▸ Task:
Word for word, print each line of the listing below; pictures stay out.

▸ Available data:
- - - - -
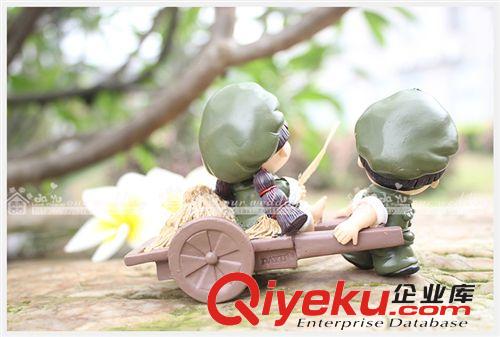 大禹家喜樹(shù)脂工藝品革命愛(ài)情小兵創(chuàng)意婚慶禮品情侶娃娃擺件9349原始圖片3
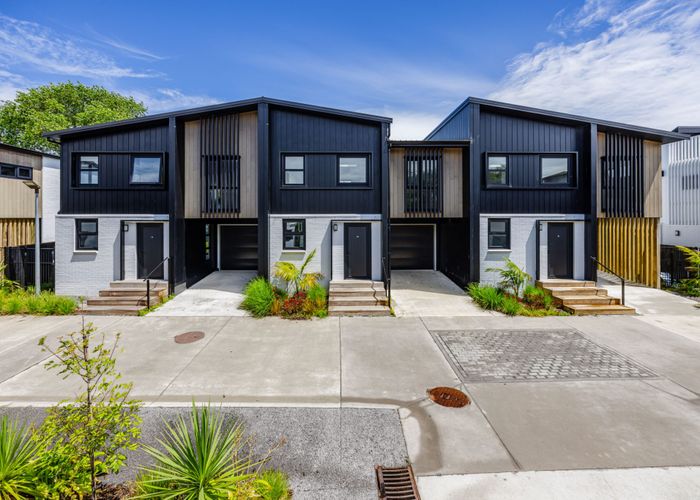  at 15 Kaaramuramu Lane, Mangere Bridge, Manukau City, Auckland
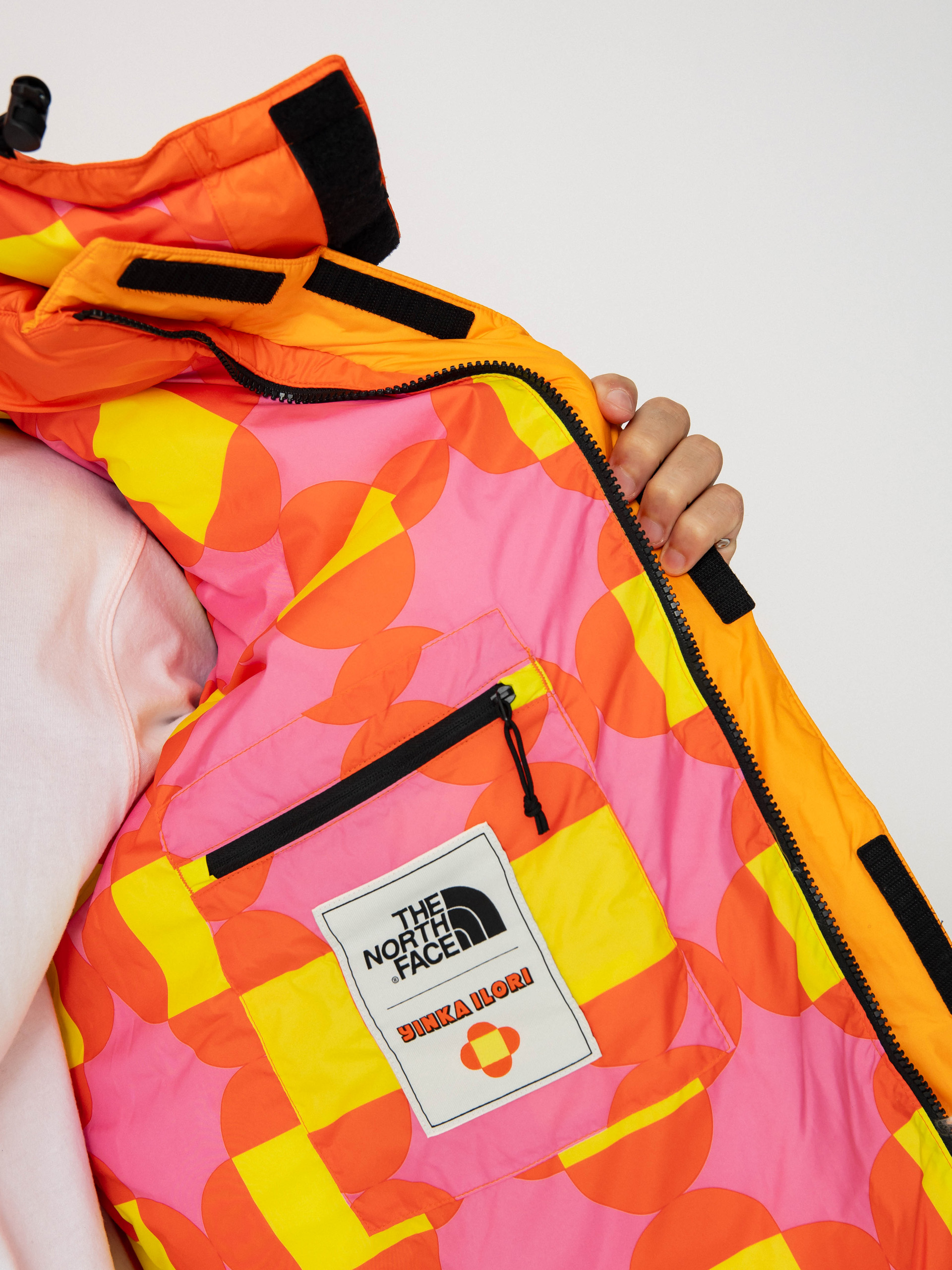 Bunda The North Face X Yinka Ilori Down Puffer (red orange/apricot glaz)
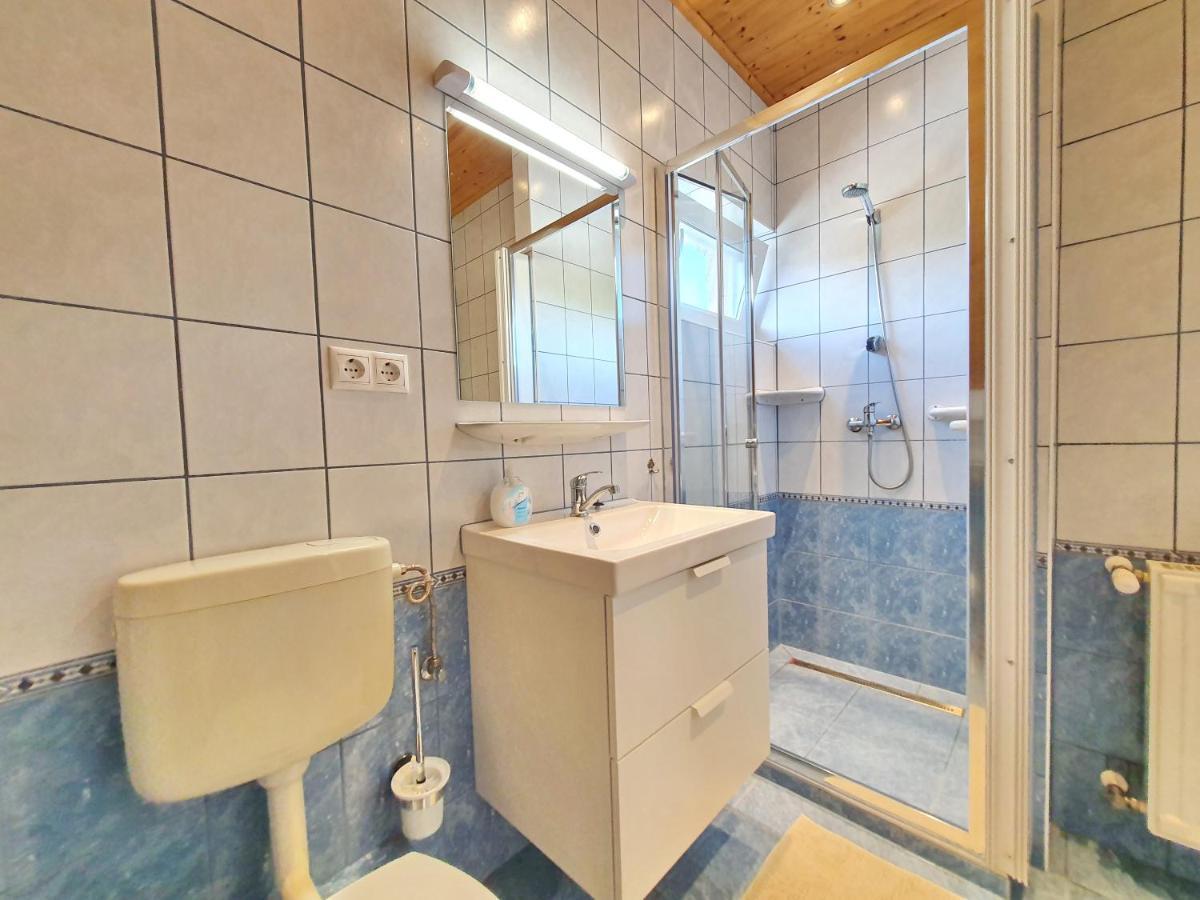 Krisztian Apartmanhaz Vonyarcvashegy Exterior foto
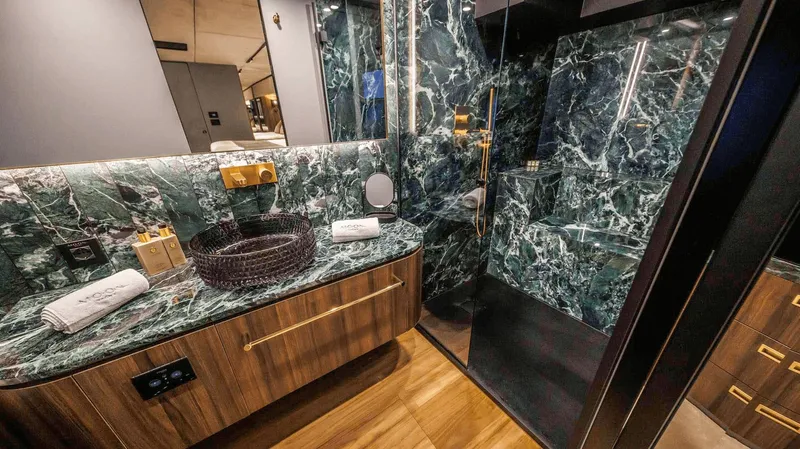 60 Yacht Photos Pics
- - - - -
▸ Task result:
 大禹家喜樹(shù)脂工藝品革命愛(ài)情小兵創(chuàng)意婚慶禮品情侶娃娃擺件9349原始圖片3
  at 15 Kaaramuramu Lane, Mangere Bridge, Manukau City, Auckland
 Bunda The North Face X Yinka Ilori Down Puffer (red orange/apricot glaz)
 Krisztian Apartmanhaz Vonyarcvashegy Exterior foto
 60 Yacht Photos Pics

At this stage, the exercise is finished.